BJ Blazkowicz thunders around the gantry that orbits the edge of the Moon Dome. He has an enormous shotgun in each hand, and the noise they make is more freight train than firearm – a pounding 'CHUNKA CHUNKA CHUNKA' that feels like it should climax in a 'CHOO CHOO'. It doesn't. Wolfenstein: The New Order furnishes the player with an array of ways to tackle its arena combat encounters, but I choose to deal with the Moon Dome by holding down both triggers and running fast in a straight line.
It works. BJ's double shotguns blast bits off the model moon in the centre of the room, and send Third Reichers sailing through shattered glass to the floor.
“Ever since you got to kill Hitler in the first game, it's been about alternate history,” senior gameplay designer Andreas Ojefors Arena tells me. “We took that and ran with it.
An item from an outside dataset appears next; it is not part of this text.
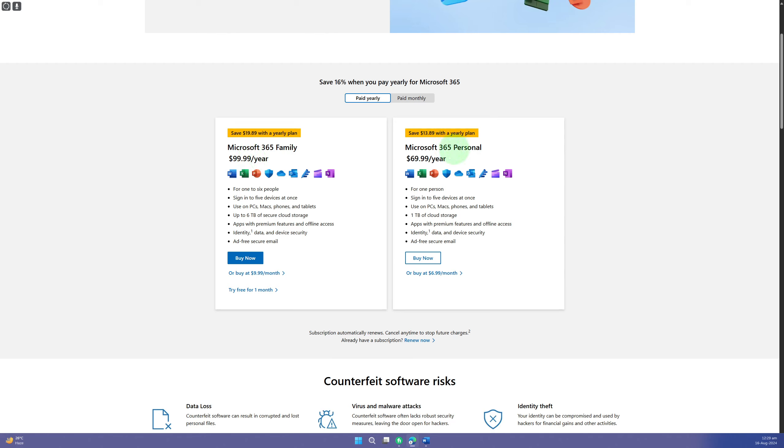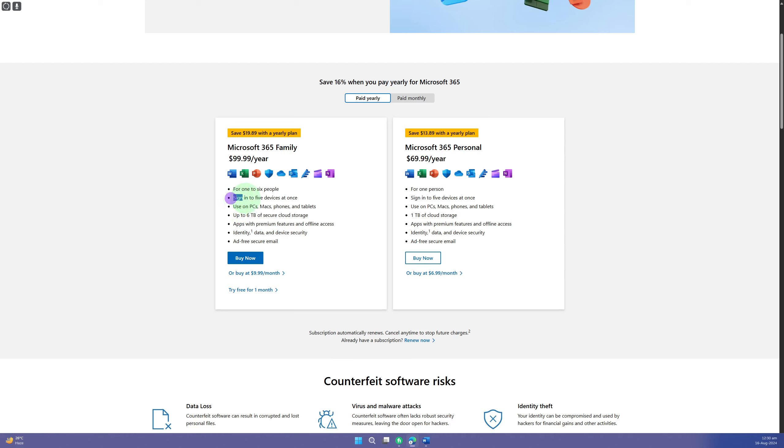This is for a year as well. This is the Family version, so a lot of members can use this. For example, you can sign into five devices.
We asked the question, 'what would happen if the Nazis won the war?'” That's all well and good. The question that The New Order answers more satisfactorily is, 'If a jackhammer got to spend one night as a human, what would it do?'
Another inadvertently answered question is this: what would the first-person shooter look like in 2013 if someone had annualised Quake back in 1997? The New Order isn't an id Software shooter, but it is deeply aware of its heritage.
BJ is delivered to the London Nautica – the Nazi research facility that houses the Moon Dome – in a car with a little Quake 3 Arena rocket launcher dangling from the key in the ignition. The game hybridises modern and retro design, mixing partially regenerating health with medpacks that can be gobbled in excess to temporarily shunt your health over 100, id-style.
“We tried to combine the best of the old-school shooter design with the new,” Ojefors continues. “There are things that shouldn't have been left behind, and things that should.”
He's insistent in referring to Wolfenstein as an action adventure game, rather than a shooter – but, well, it's a shooter. Its non- combat ideas are expressed through environmental puzzle-solving and bits and bobs of linear narrative, neither of which are totally left of field for a game that also features shotguns the size of railway ties. What I saw, however, was well-executed.
Machine Games is partially made up of veterans from Starbreeze, the developer behind the quietly excellent The Darkness and Chronicles of Riddick games and, by way of contrast, the noisily crap Syndicate reboot. The stylish ultraviolence and characterful writing of those games are in evidence here, particularly in an early sequence where Blazkowicz is interrogated about his heritage by SS officer Frau Engel and her Aryan boy-toy Bubi. Think Tarantino's Inglourious Basterds by way of Bioshock, and you'll get a sense of the tone.